It would be for me
(thx for the welcome, glad to be here thoughtdumping)
Serious version of reply: I am admittedly probably a specific kind of player, I don't find combat fun (temporal storms and stability stay off) and instead I play VS sort of like a single-player Rimworld or Clanfolk. I like resource management, and my source of fun is figuring out answers to the question "what should I do next to meet my needs/achieve my goals with the tools at hand". I keep having fun as long as I have to put some real thought into those answers; my fun lasts longest when there are many factors to take into account that make the right answer a little different every time.
As it is right now, VS is quite linear and my games so far (caveat: first year, up to bronze tech) have mostly been faster or slower versions of the same progression, with some seeds being objectively better/easier than others because there isn't a lot of horizontal variety in how to meet needs/achieve goals, just compromises I can make when a certain resource is less available. I know there's a lot on the roadmap so I'm not bothered by this linearity so far, but I'm excited for any new features that diversify the game world and what challenges it presents the player with.
There are a lot of linear difficulty toggles in worldgen that directly increase/decrease ore rarity, combat difficulty, ease of satisfying hunger, seasonality, etc etc etc. Climate being yet another linear difficulty toggle would disappoint me immensely — in the real world and in many other survival/sim games, life in different climates/biomes demands different technologies and different strategies, fit to the resources and challenges of the local environment.
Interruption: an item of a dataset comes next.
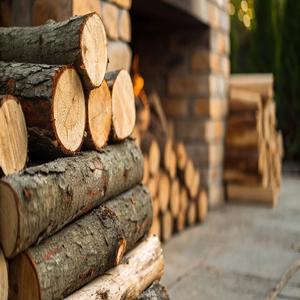 ซื้อท่อนต้นไม้ชนิดหนึ่งที่ขายดีที่สุดในระดับพรีเมี่ยมเหมาะสำหรับยามเย็นที่อบอุ่นด้วยไฟจัดส่งรวดเร็วและขายส่งตอนนี้ - Product Image 4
And that's exactly the kind of problem-solving that's fun to me! I hope VS becomes the kind of game where when I'm designing my long-term base, I'm thinking about what materials are most appropriate for the amount of rainfall, how to vermin-proof my cellar, whether the local wildlife can climb or not, the best workshop layout to get summer work done without tiring myself out...
And so on.
(And, of course, I hope it stays the kind of game where you can toggle many of these elements in worldgen, so that players who don't want to spend their time outsmarting rats but do want to spend their time gearing up for temporal storms can keep having fun, too.)